The Boundary Waters Treaty of 1909 was intended to prevent and resolve disputes over the use of shared waters between the U.S. and Canada, and the resolution calls on all parties to use the treaty to solve the concerns over mining in the watersheds.
The health of the Stikine River is vital to Wrangell, the resolution states. “The Wrangell economy is heavily tied to several commercial fisheries with virtually every local business benefitting from commercial fishing related economic activity.”
Four people signed in to speak at Tuesday’s assembly meeting: Breanna Walker, campaign coordinator for Salmon Beyond Borders; Frederick Olsen Jr./ K’yuuhlgáansii (“place of one’s own”), executive director of Southeast Alaska Indigenous Transboundary Commission; Jill Weitz, Salmon Beyond Borders director; and local artist Brenda Schwartz-Yeager.
“My lifestyle is tangled up with the Stikine River,” Schwartz-Yeager said, saying it’s a fragile ecosystem, and anyone else whose lifestyle reflected hers probably had a little bit of the Stikine River running through them.

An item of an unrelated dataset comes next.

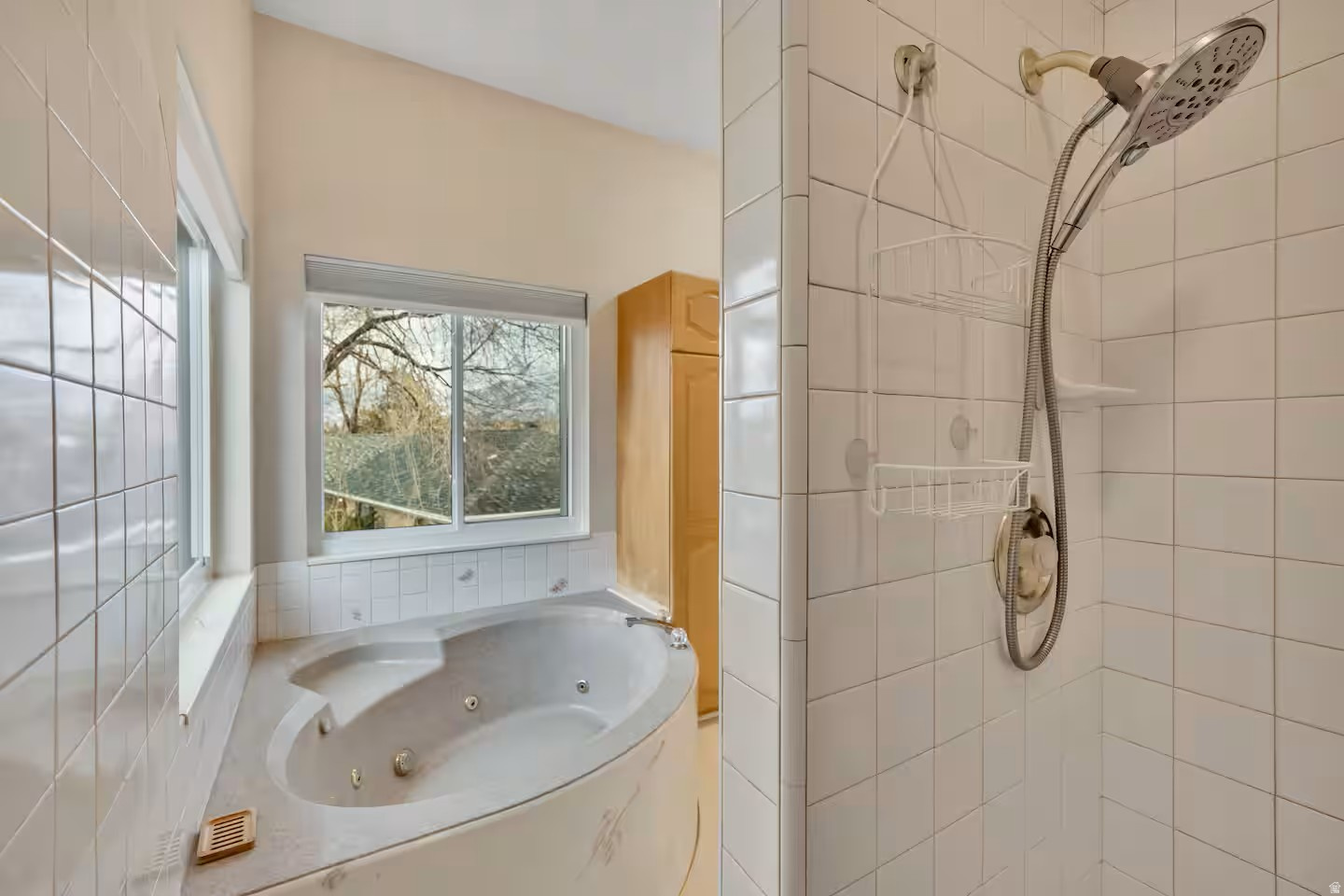 HIDDEN VALLEY HILLS - Residential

“A lot of the folks who have spoken before me have spoken articulately on the tailings dam. They are massive. Unless you have seen it up close. … It is incredible and scary that they are just upstream from us. These same mining companies have a pretty deplorable track record for taking responsibility for the messes they’ve made. We have a lot to lose and little to gain. They have little to lose and a lot to gain.”